Here is the surveillance video of what happened to her that day in 2015. Warning: Video may be disturbing for some viewers.
Itemad "Angel" Al Matar says police officers violated her civil rights by yanking off her her headscarf and veil, which are worn for cultural/religious reasons, arresting her on the subway station stairs, then later strip-searching at a police station.
A federal lawsuit was filed in Chicago Thursday on Al-Matar's behalf. She is a student from Saudi Arabia who lives in Chicago, and told reporters she was in a hurry to catch her train on the 4th of July of 2015, because so wanted to get home quickly and break her Ramadan fast.
"Several (officers) ran up the stairs and grabbed the Plaintiff and threw her down upon the stair landing, then pulling at her and ripping off her hijab," the lawsuit says.

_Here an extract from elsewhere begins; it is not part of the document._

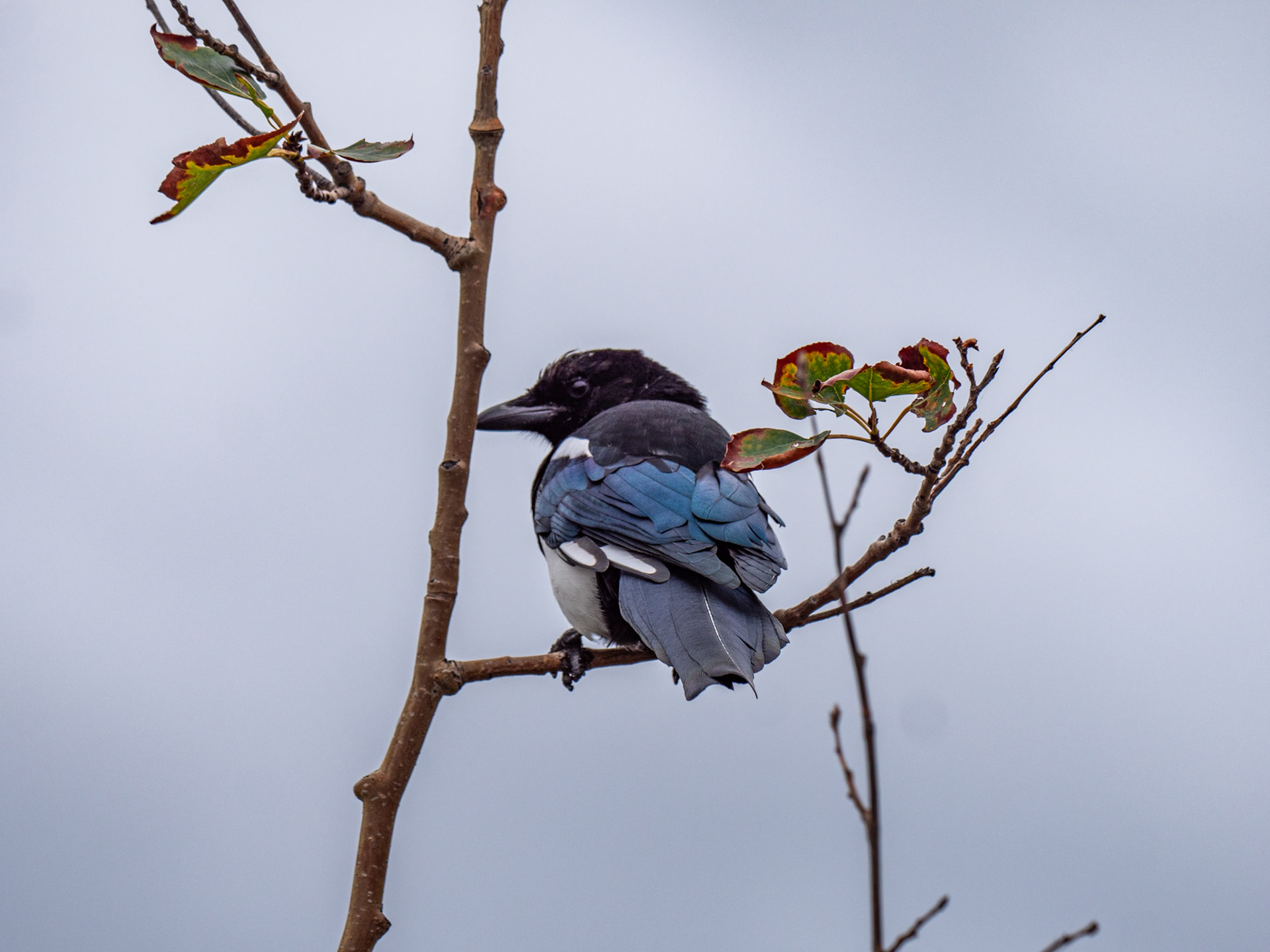 A bird taking in the view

CBS Chicago reports the abuse didn't end there.
"They asked me why I put my food inside my bag, why I'm Muslim, why I'm fasting, why I'm wearing these clothes, why I cover my body," she said.
Security-camera video made public shows several minutes of the arrest in the subway. Several officers can be seen pushing through a crowd on a stairway to reach Al-Matar, but soon move out of view of the camera.

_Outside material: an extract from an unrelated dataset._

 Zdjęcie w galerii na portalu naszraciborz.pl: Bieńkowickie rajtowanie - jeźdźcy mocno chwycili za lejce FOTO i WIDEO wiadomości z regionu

The fact that Al-Matar was wearing a headscarf, known as a hijab, and the face veil, called a niqab, "was the impetus behind the actions" of the officers, the court filing alleges. In a statement Thursday, Phil Robertson, a lawyer for the Chicago chapter of the Council on American-Islamic Relations, or CAIR, and a co-counsel in the civil case, argued that "blatant xenophobia, Islamophobia, and racial profiling" underpinned the officers' actions.
A police report filed the night of the incident says officers had been "on high alert of terrorist activity" on the Fourth of July holiday when they spotted Al-Matar exhibiting what they believed was "suspicious behavior," including walking at "a brisk pace, in a determined manner." It also says officers saw what they thought could be "incendiary devices" around her ankles and were also suspicious of her backpack, which was clutched to her chest.
"(Officers) believed that subject might be a lone wolf suicide bomber and decided to attempt to take subject into custody," it says.